Word for word, repeat the data; no picture should appear in the result.

◆ Material provided
***
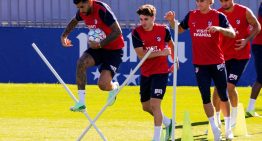 Atlético de Madrid vs. Manchester United, por la Champions League:  a qué hora juegan, formaciones y cómo ver el partido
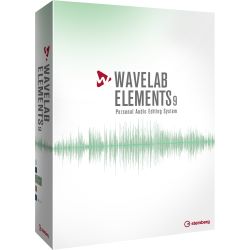 Steinberg Wavelab Elements 9 GBDFIES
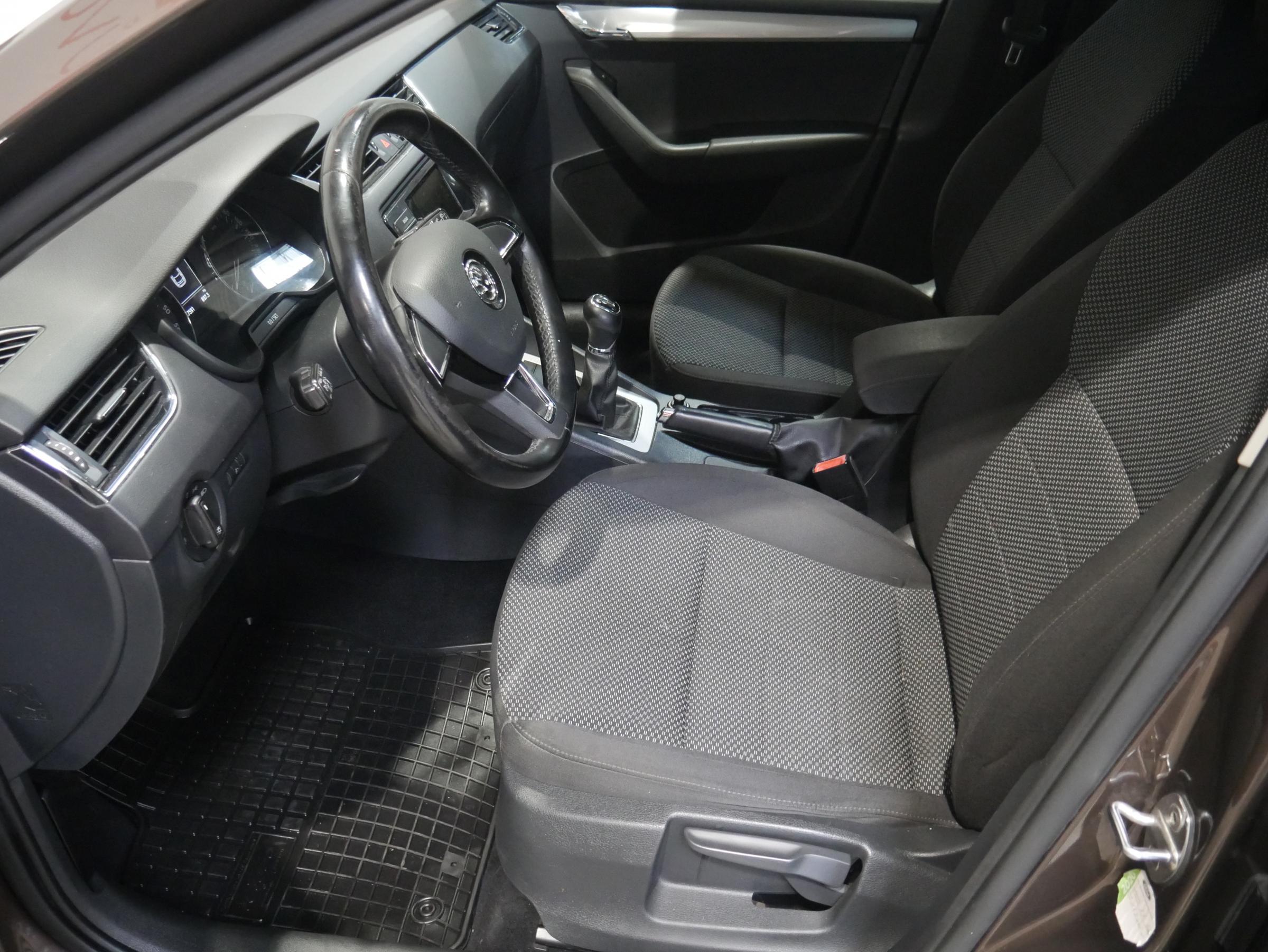 Škoda Octavia III, 2015 - pohled č. 9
***
◆ Solved problem
 Atlético de Madrid vs. Manchester United, por la Champions League:  a qué hora juegan, formaciones y cómo ver el partido
 Steinberg Wavelab Elements 9 GBDFIES
 Škoda Octavia III, 2015 - pohled č. 9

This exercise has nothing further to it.